As a result of the booklet's success, the authors—now a core group of twelve women—formed the non-profit Boston Women's Health Book Collective (BWHBC) in 1972 (rebranded the "Our Bodies Ourselves" collective in 2002) and prepared a mass-market print edition.[9] The book was expanded to 276 pages; retitled Our Bodies, Ourselves: A Book by and for Women; and published by Simon & Schuster in March 1973. As a precondition of working with the publishing company, BWHBC members stipulated they must retain complete control of the book's contents, they must have a woman editor, and non-profit clinics must be able to purchase copies at a substantial discount.[13][20]
In the 1973 Preface, the authors cited four lessons learned during their research: (1) that it was important to supplement medical facts with personal experiences, how the latter could enrich knowledge of women's bodies; (2) that possessing basic information was liberating; it meant women were "better prepared to evaluate the institutions that are supposed to meet our health needs"; (3) that they were combating an ignorance which plagued women for centuries and "had one major consequence—pregnancy. Until very recently pregnancies were all but inevitable, biology was our destiny"; (4) that "body education is core education. Our bodies are the physical bases from which we move out into the world; ignorance, uncertainty—even, at worst, shame—about our physical selves create in us an alienation from ourselves that keeps us from being the whole people that we could be."[16] OBOS featured first-person stories from women, and tackled many topics then regarded as taboo. The book's publication is considered a foundational event in the women's health movement in the U.S.[21]

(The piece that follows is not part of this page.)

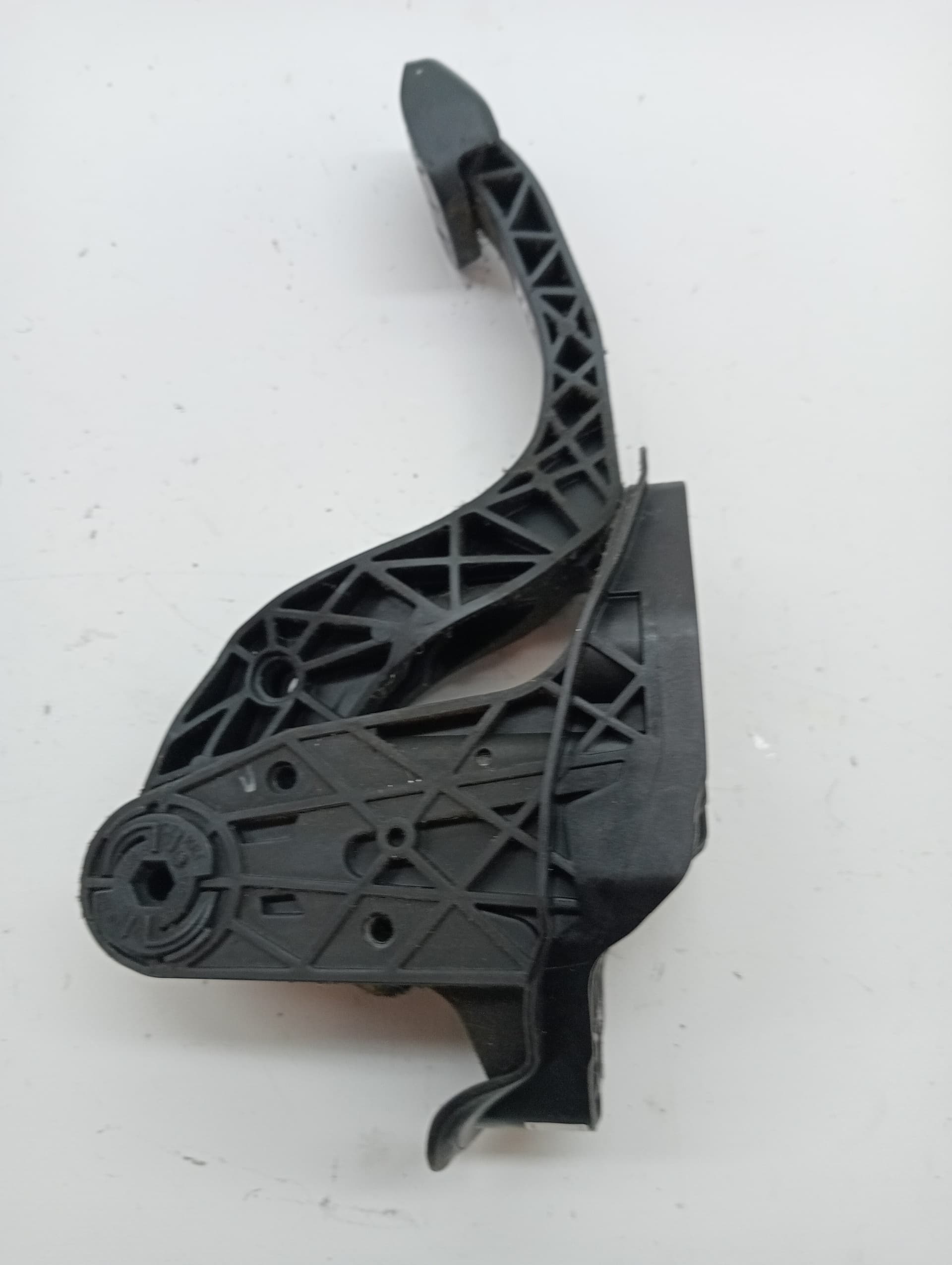 Pedal embrague SEAT TOLEDO (KG3) 3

The BWHBC was approached by women in other countries who wanted to translate OBOS.[10] Dagmar Schultz brought a copy to Germany in the early 1970s, where it was translated and quickly had an impact;[22] the first women's health center was founded in West Berlin in 1973 and still exists today.[23] BWHBC members initiated the Spanish translation themselves, self-publishing Nuestros Cuerpos, Nuestras Vidas in 1977. But they soon recognized the limitations of verbatim translation, how "aspects of the book that were culturally appropriate for the original US readers did not always make sense in other contexts."[10] In the 1980s, a BWHBC-affiliated group named Amigas Latinas en Accion pro-Salud began working on a new Spanish-language cultural adaptation of OBOS that would better reflect their experiences. It was published in 2000.[10]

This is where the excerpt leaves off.